Here's a great thread on flaring thin wall PVC tubes to fit into your front bulkhead.

http://www.microskiff.com/cgi-bin/yabb2/YaBB.pl?num=1355017149

You're going to need to figure out a way to secure them under the front deck.. I don't like cutting holes if I can help it but you may need to put an access hatch up front to secure the tubes..

Great looking rig!


----------



## Snookdaddy (Jan 5, 2008)

Here's a link to some racks you can use on the gunnels.. Check out his website too..

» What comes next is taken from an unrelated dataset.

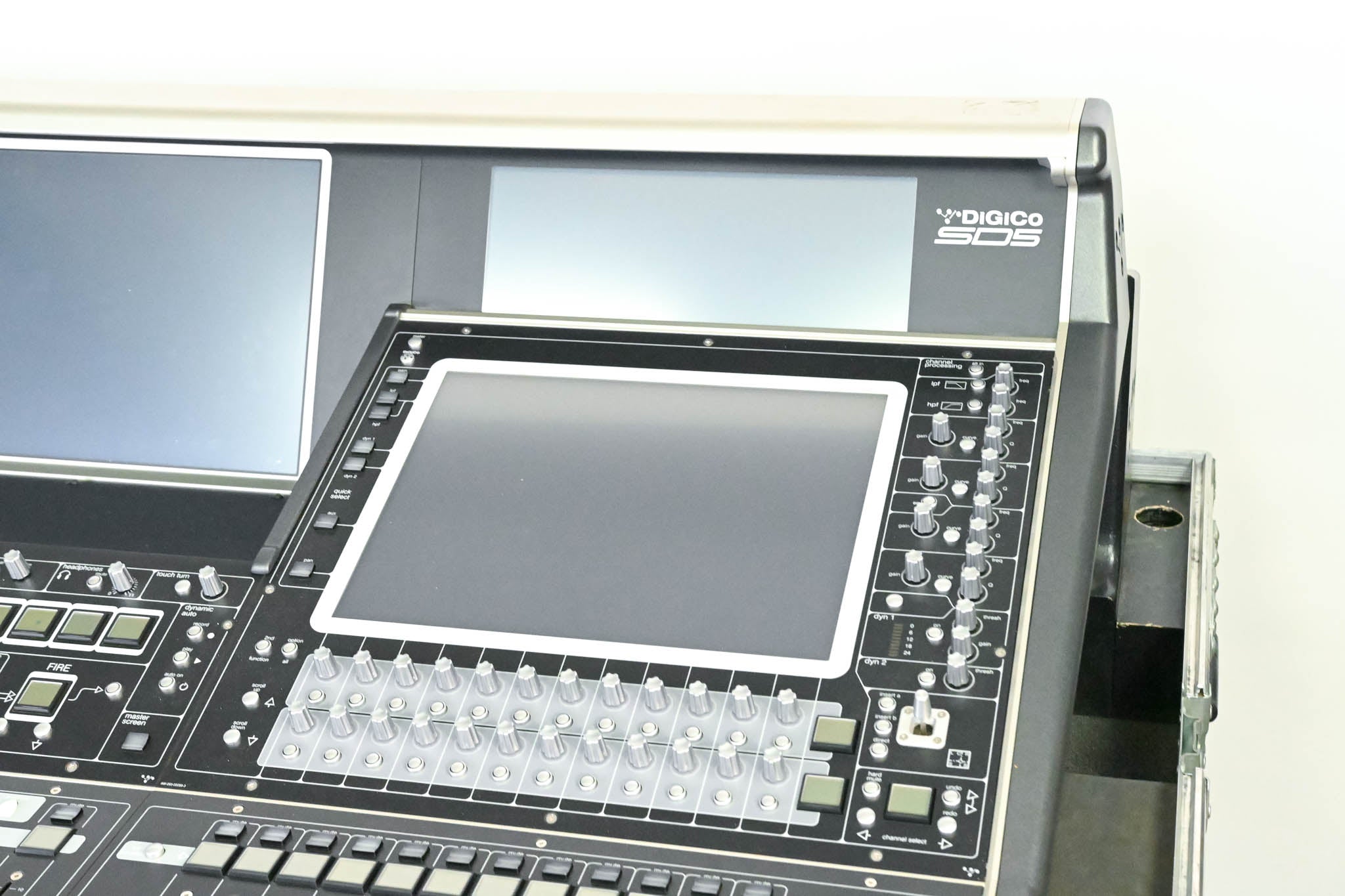 DiGiCo SD5 Digital Mixing Console w/ Waves Card, ST Optical & Road Case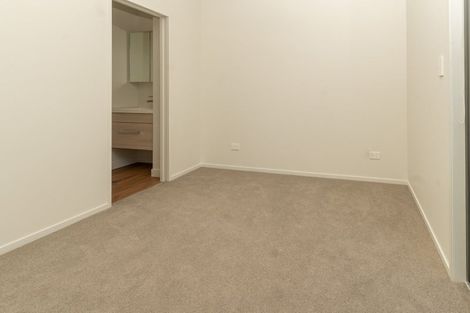 Photo of property in 8/2 Moor Avenue, Te Atatu Peninsula, Auckland, 0610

http://www.microskiff.com/cgi-bin/yabb2/YaBB.pl?num=1404485982


----------



## tkreitler (Oct 3, 2011)

According to the owner of Riptide, they will add fly rod holders to your boat. They quoted me a price and I can't remember exactly how much but I think it was around $500.


----------



## mgshinall (Feb 18, 2015)

Preciate the tips fellas. That thread on flaring the PVC is pretty awesome. I'll let you guys know what I end up doing in the long run. The good news is I finally found a sleek cup holder yesterday to mount. After all that is priority #1.

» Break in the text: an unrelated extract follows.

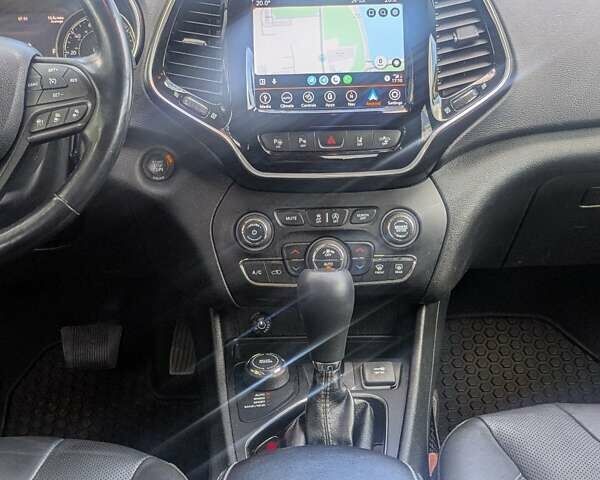 Чорний Джип Cherokee, об'ємом двигуна 2.36 л та пробігом 67 тис. км за 14555 $, фото 16 на Automoto.ua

sightandsounds - have you got a Riptide too? If you have any pics I'd love to see it! 

Thanks again guys.


----------



## tkreitler (Oct 3, 2011)

> Preciate the tips fellas. That thread on flaring the PVC is pretty awesome. I'll let you guys know what I end up doing in the long run. The good news is I finally found a sleek cup holder yesterday to mount. After all that is priority #1.
> 
> sightandsounds - have you got a Riptide too? If you have any pics I'd love to see it!
> 
> Thanks again guys.


No I don't have one. The first time I saw one was driving on Savannah Highway and it was parked at a dealer lot. It looked interesting so I stopped to get some more information. The owner of Riptide happened to be there (nice guy). I specifically asked him about adding the rod holders and tubes to the one on the lot.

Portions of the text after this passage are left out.